__REQUIRED ACTION__.
Lift out each line of the data that holds "Miami".

__THE DATA__.

▼▼▼

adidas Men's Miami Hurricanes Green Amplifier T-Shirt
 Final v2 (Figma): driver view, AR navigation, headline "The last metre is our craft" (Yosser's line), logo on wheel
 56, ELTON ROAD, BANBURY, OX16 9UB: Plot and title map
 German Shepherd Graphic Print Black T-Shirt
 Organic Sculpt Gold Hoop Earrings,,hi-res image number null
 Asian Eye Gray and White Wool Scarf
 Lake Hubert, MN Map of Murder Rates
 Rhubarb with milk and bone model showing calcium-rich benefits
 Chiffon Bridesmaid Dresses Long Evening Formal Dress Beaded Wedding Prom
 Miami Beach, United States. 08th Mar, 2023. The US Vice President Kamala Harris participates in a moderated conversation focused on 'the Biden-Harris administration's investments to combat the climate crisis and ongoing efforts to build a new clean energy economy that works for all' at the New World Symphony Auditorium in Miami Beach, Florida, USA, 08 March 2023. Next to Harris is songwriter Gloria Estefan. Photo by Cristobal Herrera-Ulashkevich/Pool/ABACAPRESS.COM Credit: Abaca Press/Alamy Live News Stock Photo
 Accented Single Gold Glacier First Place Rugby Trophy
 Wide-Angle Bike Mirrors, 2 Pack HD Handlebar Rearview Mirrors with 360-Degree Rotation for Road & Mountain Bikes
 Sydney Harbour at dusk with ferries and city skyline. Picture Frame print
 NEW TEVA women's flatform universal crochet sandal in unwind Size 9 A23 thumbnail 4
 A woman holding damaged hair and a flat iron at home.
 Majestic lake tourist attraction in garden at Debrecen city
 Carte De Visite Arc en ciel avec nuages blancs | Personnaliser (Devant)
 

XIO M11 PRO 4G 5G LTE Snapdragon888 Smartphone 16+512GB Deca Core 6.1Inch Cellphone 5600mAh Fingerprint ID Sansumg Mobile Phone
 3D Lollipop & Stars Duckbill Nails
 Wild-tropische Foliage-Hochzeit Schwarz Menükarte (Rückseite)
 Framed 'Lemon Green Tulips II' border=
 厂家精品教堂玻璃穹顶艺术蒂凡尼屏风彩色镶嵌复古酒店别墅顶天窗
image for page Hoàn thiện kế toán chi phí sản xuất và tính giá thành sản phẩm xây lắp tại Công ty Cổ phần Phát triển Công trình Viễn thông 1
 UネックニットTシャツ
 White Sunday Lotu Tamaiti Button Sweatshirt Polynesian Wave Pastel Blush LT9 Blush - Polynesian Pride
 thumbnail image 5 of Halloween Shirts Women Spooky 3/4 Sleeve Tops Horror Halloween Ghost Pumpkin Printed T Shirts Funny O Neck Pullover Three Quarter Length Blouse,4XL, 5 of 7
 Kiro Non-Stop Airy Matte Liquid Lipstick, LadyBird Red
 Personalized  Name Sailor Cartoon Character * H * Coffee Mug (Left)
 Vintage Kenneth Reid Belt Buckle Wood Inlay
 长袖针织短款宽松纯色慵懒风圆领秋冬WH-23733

▲▲▲

__ANSWER TO THE EXERCISE__.
adidas Men's Miami Hurricanes Green Amplifier T-Shirt
 Miami Beach, United States. 08th Mar, 2023. The US Vice President Kamala Harris participates in a moderated conversation focused on 'the Biden-Harris administration's investments to combat the climate crisis and ongoing efforts to build a new clean energy economy that works for all' at the New World Symphony Auditorium in Miami Beach, Florida, USA, 08 March 2023. Next to Harris is songwriter Gloria Estefan. Photo by Cristobal Herrera-Ulashkevich/Pool/ABACAPRESS.COM Credit: Abaca Press/Alamy Live News Stock Photo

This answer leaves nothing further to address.